** Opening Dataset excerpts block **
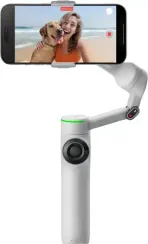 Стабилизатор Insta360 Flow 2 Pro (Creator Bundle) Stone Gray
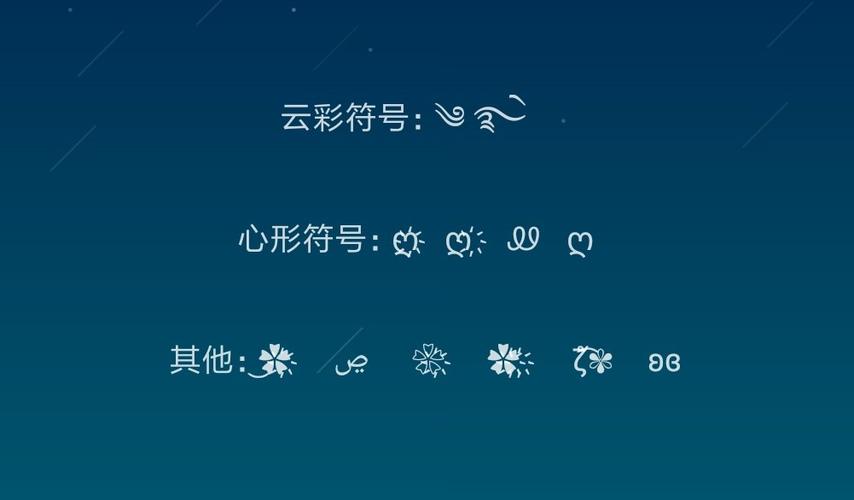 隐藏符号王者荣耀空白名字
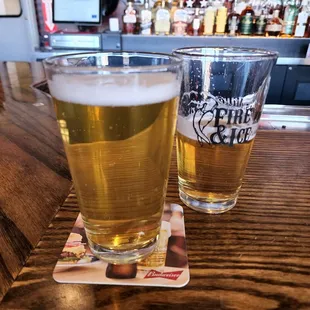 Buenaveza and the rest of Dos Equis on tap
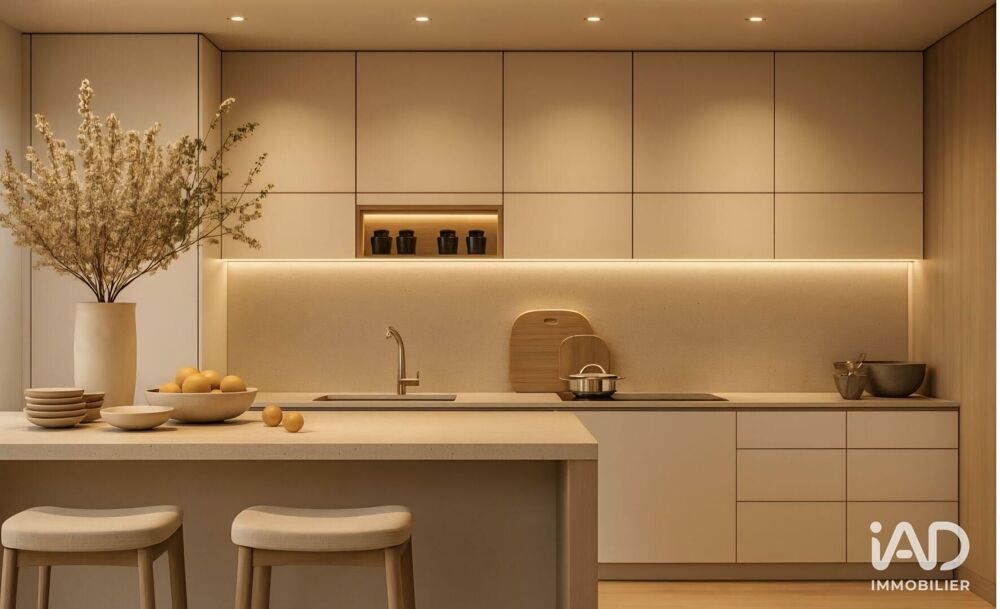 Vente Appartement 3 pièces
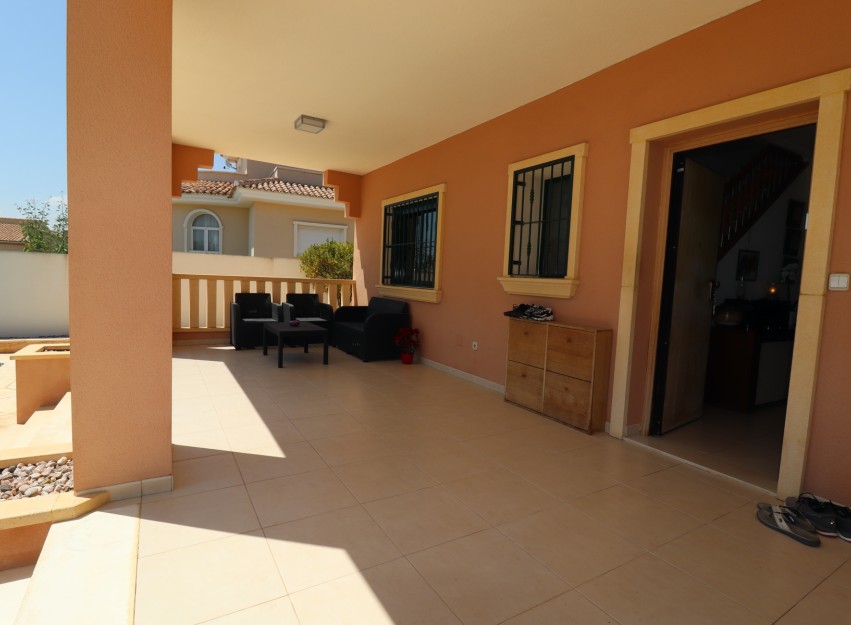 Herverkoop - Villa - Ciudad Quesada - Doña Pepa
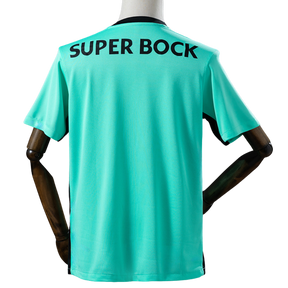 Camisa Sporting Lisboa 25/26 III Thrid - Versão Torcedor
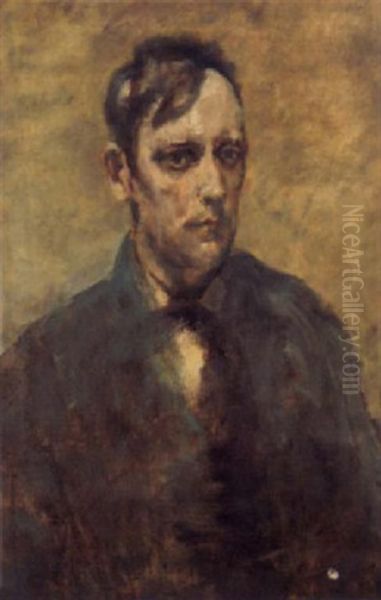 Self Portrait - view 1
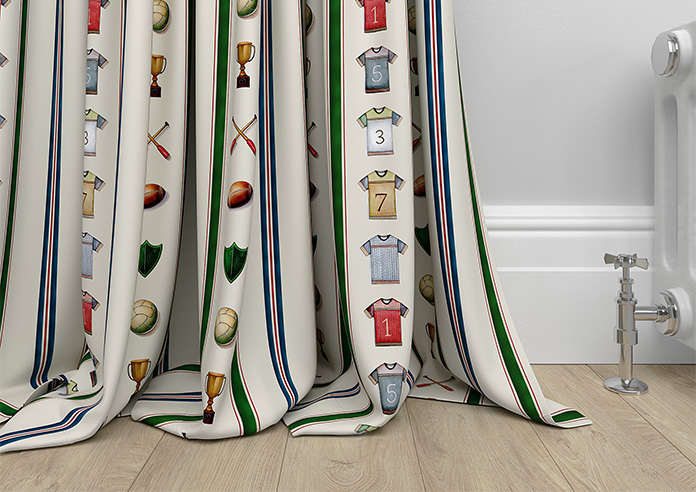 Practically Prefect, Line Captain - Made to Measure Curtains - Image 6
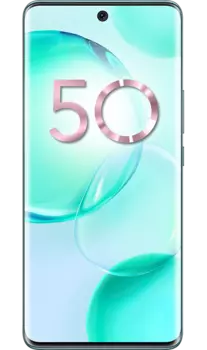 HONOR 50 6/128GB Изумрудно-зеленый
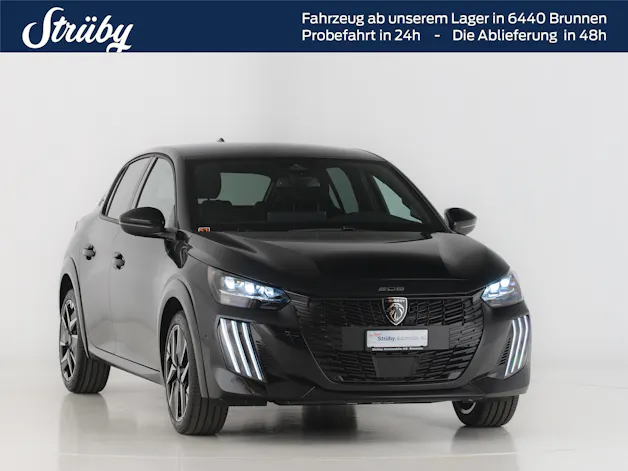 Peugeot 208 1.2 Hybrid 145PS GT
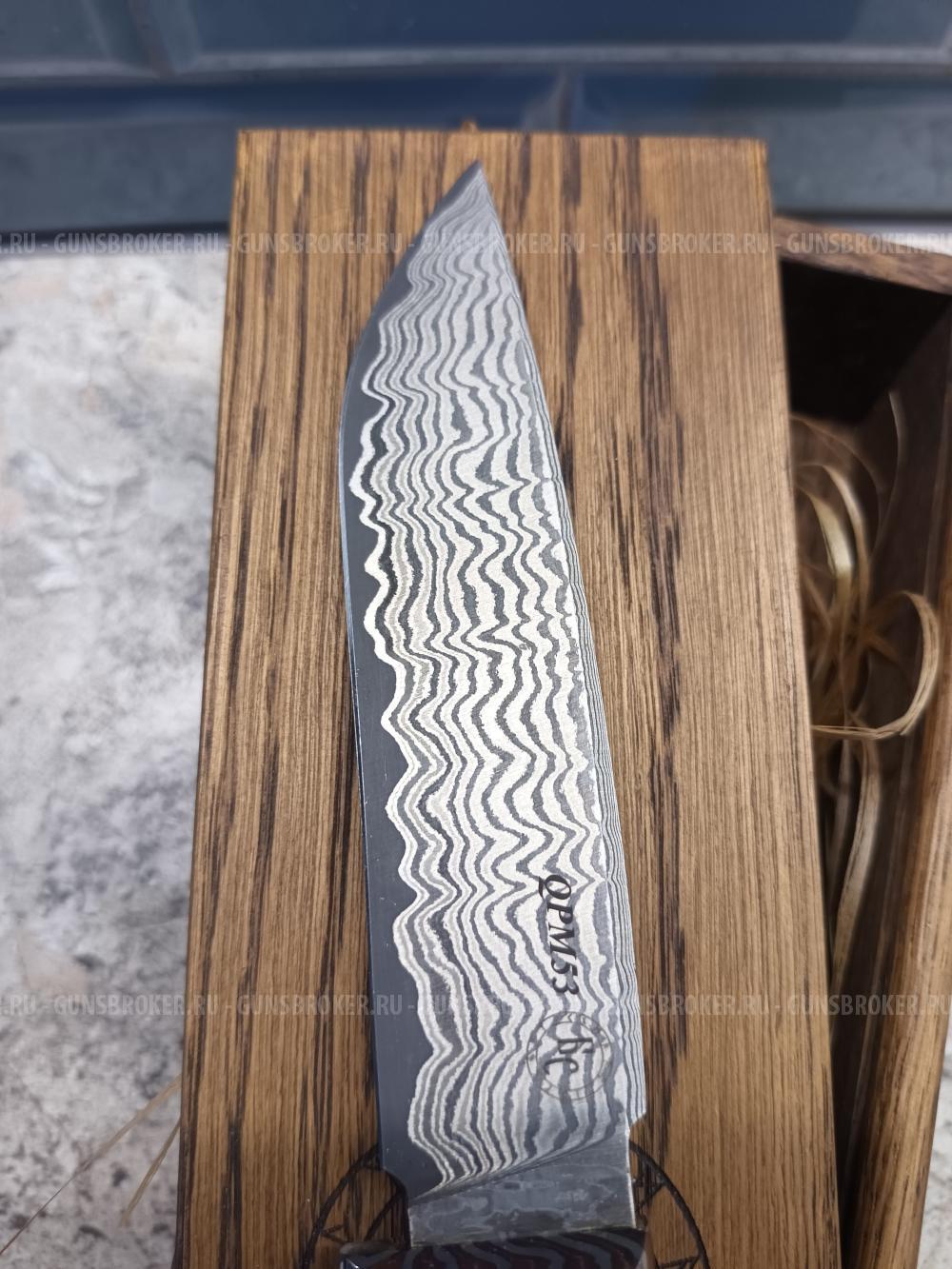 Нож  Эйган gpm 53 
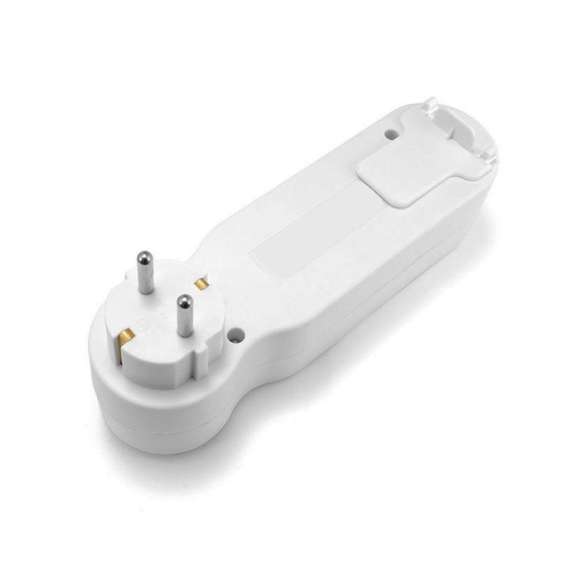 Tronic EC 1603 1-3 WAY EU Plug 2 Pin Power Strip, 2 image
** Closing Dataset excerpts block **
*Your objective*
Output only the lines running from the one containing "HONOR 50 6/128GB Изумрудно-зеленый" to the end of the records, inclusive and exact; skip the pictures.

*Output for this task*
 HONOR 50 6/128GB Изумрудно-зеленый
 Peugeot 208 1.2 Hybrid 145PS GT
 Нож  Эйган gpm 53 
 Tronic EC 1603 1-3 WAY EU Plug 2 Pin Power Strip, 2 image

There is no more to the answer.